Short text fragments from websites:

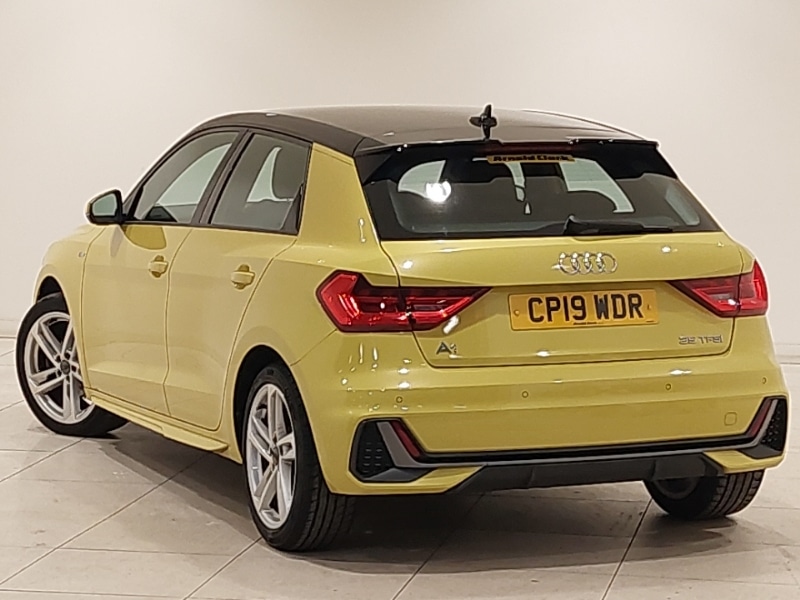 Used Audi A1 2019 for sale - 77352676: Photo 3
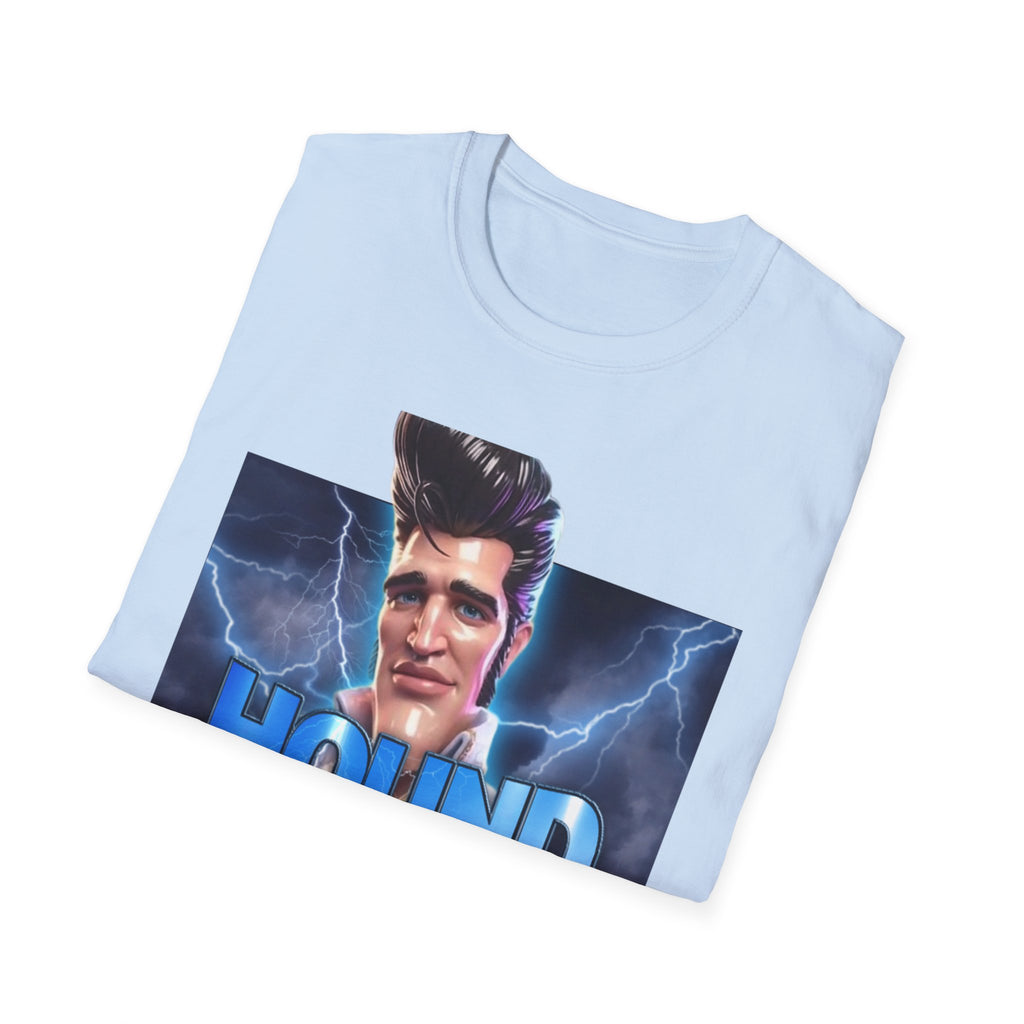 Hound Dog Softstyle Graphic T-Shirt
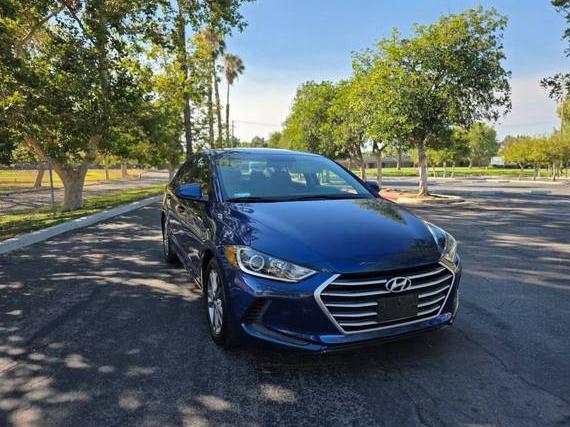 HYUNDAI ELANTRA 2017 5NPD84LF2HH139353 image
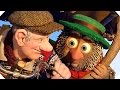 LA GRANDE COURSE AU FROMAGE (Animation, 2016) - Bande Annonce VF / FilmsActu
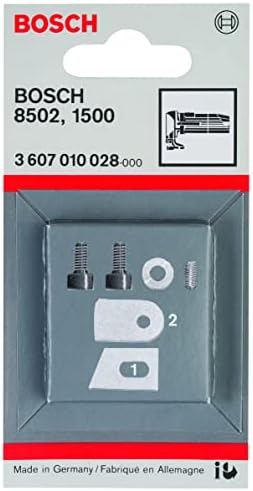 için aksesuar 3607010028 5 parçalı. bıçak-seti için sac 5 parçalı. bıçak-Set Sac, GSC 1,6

Task description: Give back each entry exactly as it appears. Leave pictures out.

Answer to the exercise:
 Used Audi A1 2019 for sale - 77352676: Photo 3
 Hound Dog Softstyle Graphic T-Shirt
 HYUNDAI ELANTRA 2017 5NPD84LF2HH139353 image
 LA GRANDE COURSE AU FROMAGE (Animation, 2016) - Bande Annonce VF / FilmsActu
 için aksesuar 3607010028 5 parçalı. bıçak-seti için sac 5 parçalı. bıçak-Set Sac, GSC 1,6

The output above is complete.